• Your instructions: How many lines of the data contain "something"? Reply with the number alone.

• Record set:
--- --- ---

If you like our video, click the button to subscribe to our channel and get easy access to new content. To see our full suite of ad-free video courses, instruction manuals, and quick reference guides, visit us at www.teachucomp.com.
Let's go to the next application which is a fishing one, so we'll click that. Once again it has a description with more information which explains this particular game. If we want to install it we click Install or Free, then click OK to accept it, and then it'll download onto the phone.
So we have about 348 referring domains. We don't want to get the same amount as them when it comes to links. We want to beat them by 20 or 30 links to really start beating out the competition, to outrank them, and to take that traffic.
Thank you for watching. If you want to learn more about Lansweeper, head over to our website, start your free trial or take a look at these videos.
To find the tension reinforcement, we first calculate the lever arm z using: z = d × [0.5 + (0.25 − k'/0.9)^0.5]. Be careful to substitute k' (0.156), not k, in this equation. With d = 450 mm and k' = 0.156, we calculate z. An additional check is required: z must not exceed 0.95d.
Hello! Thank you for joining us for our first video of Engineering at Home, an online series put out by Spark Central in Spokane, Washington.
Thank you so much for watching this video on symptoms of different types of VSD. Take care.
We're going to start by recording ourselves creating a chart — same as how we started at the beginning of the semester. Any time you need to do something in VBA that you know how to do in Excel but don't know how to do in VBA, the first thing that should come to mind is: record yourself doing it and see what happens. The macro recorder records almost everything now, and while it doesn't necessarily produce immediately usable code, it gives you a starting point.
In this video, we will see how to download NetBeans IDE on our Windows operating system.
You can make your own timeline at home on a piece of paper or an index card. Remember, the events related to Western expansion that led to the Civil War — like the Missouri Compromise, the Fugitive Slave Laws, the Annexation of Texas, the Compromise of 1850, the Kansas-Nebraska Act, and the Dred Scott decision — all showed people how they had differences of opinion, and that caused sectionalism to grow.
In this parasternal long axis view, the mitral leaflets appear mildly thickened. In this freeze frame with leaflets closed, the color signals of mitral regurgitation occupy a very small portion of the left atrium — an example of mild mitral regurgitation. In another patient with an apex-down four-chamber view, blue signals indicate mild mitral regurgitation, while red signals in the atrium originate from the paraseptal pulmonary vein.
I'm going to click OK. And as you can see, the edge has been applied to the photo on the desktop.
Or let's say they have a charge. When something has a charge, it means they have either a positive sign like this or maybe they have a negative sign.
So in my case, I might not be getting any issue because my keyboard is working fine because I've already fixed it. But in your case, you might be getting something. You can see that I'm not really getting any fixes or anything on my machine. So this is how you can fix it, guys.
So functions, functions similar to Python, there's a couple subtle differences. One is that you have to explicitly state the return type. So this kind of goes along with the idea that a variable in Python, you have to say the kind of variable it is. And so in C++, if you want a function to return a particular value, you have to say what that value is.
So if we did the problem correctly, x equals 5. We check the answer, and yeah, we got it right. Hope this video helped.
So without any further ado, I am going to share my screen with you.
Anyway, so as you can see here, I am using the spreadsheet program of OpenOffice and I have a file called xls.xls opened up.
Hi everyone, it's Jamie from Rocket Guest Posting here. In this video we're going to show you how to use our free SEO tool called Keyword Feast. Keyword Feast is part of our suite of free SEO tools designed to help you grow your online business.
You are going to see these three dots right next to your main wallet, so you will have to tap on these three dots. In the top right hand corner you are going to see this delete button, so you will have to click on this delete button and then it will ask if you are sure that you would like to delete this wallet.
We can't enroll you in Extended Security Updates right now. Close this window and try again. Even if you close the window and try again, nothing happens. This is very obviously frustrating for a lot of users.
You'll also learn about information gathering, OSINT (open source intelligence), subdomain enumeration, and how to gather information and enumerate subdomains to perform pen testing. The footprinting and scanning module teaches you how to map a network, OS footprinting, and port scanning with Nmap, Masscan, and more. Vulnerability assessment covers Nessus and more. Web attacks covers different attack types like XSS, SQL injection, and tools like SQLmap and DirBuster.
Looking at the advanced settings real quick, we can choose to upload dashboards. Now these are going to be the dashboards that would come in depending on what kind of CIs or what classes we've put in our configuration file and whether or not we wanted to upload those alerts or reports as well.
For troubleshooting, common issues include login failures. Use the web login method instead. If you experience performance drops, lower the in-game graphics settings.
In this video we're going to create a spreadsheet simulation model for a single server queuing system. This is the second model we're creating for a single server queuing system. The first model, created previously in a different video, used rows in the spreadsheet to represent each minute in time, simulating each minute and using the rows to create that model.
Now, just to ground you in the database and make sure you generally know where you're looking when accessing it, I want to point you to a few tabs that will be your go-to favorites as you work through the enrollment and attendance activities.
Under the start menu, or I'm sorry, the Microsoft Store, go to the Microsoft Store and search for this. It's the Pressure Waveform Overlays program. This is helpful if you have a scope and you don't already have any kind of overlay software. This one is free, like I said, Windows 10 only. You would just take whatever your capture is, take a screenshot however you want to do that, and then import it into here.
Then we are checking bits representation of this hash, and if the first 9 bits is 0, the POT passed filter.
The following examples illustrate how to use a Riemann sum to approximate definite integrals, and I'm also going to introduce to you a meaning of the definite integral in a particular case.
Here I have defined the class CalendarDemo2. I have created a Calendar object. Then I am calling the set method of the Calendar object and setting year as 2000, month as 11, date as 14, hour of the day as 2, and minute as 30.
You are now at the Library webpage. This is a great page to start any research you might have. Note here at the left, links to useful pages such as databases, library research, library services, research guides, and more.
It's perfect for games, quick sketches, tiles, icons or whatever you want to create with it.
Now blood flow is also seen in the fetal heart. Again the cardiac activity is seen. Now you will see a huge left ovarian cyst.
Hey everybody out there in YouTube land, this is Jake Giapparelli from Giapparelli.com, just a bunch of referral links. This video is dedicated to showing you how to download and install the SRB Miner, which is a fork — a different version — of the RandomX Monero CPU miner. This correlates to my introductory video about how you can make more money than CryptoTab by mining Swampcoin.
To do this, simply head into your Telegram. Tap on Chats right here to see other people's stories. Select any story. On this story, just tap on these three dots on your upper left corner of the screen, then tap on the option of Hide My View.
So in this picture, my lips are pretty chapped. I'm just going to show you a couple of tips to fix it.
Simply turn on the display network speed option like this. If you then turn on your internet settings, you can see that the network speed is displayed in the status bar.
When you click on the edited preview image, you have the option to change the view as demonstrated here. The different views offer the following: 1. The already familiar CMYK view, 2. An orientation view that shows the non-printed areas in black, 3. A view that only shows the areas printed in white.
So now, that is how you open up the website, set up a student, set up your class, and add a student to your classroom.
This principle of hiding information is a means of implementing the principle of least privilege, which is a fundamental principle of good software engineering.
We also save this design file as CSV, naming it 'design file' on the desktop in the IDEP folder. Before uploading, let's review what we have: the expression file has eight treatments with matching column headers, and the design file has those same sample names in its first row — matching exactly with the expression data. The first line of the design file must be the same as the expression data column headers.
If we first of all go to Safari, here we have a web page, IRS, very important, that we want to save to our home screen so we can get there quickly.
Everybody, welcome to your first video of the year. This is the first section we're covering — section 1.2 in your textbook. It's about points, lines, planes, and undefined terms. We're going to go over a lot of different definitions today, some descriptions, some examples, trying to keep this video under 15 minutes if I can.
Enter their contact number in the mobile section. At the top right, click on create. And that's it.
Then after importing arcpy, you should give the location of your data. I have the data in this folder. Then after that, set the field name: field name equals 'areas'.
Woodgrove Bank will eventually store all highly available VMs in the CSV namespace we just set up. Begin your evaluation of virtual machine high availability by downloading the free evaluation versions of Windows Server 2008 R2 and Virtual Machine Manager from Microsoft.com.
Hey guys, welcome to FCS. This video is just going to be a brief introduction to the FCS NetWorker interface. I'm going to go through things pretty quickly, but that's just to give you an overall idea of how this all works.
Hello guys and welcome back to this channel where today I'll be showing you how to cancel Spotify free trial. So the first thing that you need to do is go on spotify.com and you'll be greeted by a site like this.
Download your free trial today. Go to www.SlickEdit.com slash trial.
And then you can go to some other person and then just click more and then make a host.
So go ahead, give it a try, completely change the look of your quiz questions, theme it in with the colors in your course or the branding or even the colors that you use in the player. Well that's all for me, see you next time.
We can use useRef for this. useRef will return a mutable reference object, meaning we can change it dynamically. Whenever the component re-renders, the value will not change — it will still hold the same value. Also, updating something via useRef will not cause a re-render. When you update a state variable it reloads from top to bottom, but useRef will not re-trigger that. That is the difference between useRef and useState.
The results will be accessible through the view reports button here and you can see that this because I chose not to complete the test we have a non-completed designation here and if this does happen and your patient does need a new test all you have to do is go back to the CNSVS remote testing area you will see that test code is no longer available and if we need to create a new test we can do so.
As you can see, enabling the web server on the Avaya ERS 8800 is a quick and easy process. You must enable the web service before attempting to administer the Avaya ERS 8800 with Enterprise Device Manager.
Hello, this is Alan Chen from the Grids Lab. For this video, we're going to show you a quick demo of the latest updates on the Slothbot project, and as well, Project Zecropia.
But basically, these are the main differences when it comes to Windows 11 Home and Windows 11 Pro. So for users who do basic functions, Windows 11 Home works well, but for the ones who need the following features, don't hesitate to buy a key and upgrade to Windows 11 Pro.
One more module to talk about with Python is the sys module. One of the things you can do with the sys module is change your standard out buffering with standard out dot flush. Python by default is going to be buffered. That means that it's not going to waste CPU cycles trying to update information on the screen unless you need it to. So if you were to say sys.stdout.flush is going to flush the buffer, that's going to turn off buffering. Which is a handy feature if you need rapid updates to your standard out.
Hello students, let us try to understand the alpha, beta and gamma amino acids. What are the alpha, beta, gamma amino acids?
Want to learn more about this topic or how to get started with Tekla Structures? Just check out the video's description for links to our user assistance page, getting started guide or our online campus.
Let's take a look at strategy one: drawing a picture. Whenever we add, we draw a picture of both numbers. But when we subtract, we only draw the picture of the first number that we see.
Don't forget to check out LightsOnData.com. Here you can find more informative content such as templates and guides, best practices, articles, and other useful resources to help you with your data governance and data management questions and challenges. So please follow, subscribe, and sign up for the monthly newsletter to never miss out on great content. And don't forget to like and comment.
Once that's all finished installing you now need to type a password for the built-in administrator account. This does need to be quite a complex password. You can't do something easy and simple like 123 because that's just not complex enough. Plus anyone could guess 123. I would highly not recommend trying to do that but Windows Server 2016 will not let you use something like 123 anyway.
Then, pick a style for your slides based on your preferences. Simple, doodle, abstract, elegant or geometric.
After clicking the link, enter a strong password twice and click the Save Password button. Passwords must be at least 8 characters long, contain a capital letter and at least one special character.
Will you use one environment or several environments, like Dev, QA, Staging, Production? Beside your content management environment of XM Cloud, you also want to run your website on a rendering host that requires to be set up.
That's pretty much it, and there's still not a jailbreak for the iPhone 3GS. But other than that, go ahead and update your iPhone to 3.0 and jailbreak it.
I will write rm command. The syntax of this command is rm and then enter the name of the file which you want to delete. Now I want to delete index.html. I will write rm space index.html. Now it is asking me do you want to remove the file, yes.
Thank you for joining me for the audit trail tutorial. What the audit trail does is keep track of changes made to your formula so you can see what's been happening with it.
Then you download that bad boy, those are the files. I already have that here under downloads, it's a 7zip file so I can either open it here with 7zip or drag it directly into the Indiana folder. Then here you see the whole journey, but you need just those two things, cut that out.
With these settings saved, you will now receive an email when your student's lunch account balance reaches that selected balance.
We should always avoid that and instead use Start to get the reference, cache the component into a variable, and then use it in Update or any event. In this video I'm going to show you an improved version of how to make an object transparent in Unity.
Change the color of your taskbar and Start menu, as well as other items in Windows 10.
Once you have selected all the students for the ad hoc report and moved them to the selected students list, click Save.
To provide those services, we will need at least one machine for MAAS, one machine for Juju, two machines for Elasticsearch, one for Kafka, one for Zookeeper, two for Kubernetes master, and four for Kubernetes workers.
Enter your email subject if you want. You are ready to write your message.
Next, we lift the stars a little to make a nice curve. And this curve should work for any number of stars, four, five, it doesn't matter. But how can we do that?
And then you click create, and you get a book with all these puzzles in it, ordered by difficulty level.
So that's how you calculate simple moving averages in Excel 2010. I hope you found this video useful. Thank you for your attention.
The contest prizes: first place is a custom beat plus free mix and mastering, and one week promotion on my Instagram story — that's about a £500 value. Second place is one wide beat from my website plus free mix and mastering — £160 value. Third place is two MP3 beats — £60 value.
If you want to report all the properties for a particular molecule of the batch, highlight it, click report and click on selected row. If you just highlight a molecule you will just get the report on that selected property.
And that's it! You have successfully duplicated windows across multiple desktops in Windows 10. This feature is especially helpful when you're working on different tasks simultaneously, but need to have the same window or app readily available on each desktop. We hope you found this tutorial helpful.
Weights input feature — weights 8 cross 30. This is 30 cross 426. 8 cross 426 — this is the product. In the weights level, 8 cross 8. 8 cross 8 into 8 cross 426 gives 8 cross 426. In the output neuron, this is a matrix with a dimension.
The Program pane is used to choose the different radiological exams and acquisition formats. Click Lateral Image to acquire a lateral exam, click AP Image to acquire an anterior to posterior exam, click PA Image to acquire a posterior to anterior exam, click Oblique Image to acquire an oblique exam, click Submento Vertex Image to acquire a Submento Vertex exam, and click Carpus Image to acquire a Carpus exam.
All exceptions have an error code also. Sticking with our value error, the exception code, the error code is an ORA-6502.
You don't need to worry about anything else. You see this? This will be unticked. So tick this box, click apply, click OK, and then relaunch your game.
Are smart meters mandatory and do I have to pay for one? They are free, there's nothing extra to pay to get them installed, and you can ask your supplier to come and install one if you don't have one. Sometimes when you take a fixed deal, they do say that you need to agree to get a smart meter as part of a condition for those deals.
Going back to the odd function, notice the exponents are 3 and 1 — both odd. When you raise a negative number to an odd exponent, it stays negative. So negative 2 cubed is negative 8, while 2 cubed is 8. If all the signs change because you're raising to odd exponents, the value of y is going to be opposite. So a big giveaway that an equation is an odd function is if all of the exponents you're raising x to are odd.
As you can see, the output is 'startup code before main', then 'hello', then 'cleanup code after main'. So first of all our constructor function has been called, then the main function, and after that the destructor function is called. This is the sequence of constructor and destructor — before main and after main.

--- --- ---

• Finished exercise: 5